In a randomized trial, the liposomal formulation was associated with 30% less pain on postoperative day 3, a significant difference not seen on postoperative day 1, 2, or 14.
“Liposomal bupivacaine is expected to last about 72 hours but it also comes at a cost,”, MD, a fellow in advanced minimally invasive gynecologic surgery at Florida Hospital Orlando, said at the meeting sponsored by AAGL. Extended-release bupivacaine costs $280, compared with $1.83 for plain bupivacaine, according to Dr. Barron.
“Based on this study, the routine use of liposomal bupivacaine as a port site local anesthetic in laparoscopic hysterectomy has limited usefulness and is not justified,” he said.

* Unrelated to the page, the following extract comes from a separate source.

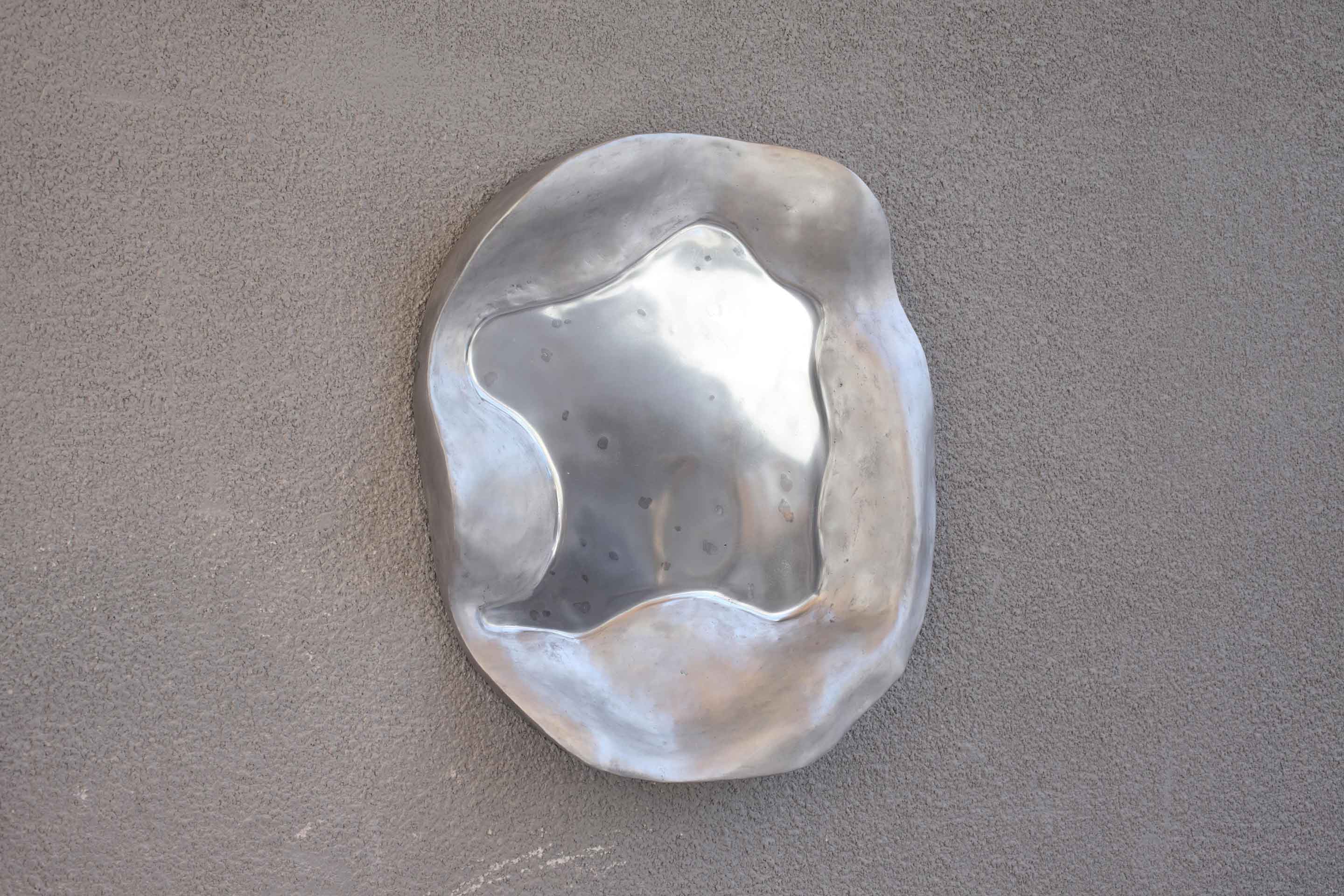 gallery-fumi-to-present-voukenas-petrides-s-gypsum-and-aluminium-sculptures-at-ldf-2022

In the blinded study, surgeons at a tertiary-care community hospital performed pre-incision infiltration with undiluted liposomal extended-release bupivacaine for 32 surgery patients and with the short-acting formulation for another 32 surgery patients. All patients underwent either laparoscopic or robot-assisted total hysterectomy for benign indications. They were recruited for the study between July 2015 and January 2016 and there were no significant demographic differences between groups preoperatively.
For the primary outcome measure, investigators called each participant and asked them to rate their average overall pain on postoperative days 1, 2, 3, and 14. They used the Brief Pain Inventory 0-10 scale. There were no significant differences between groups on a composite score of their average and worst pain on days 1, 2, or 14. However, on day 3, the composite score was 3.26 in the extended-release group, compared with 4.83 for those receiving short-acting bupivacaine (P = .009).
“What this shows, if anything, is one method of local anesthetic is probably not enough to make a significant impact,” Dr. Barron said. What is needed instead is “probably more of a global approach to enhance recovery.”
There were no significant differences between groups in the secondary study outcomes: pain scores during the first 24 hours in the hospital, function based on pain interference scores, opioid use, or adverse events.
Dr. Barron reported having no relevant financial disclosures.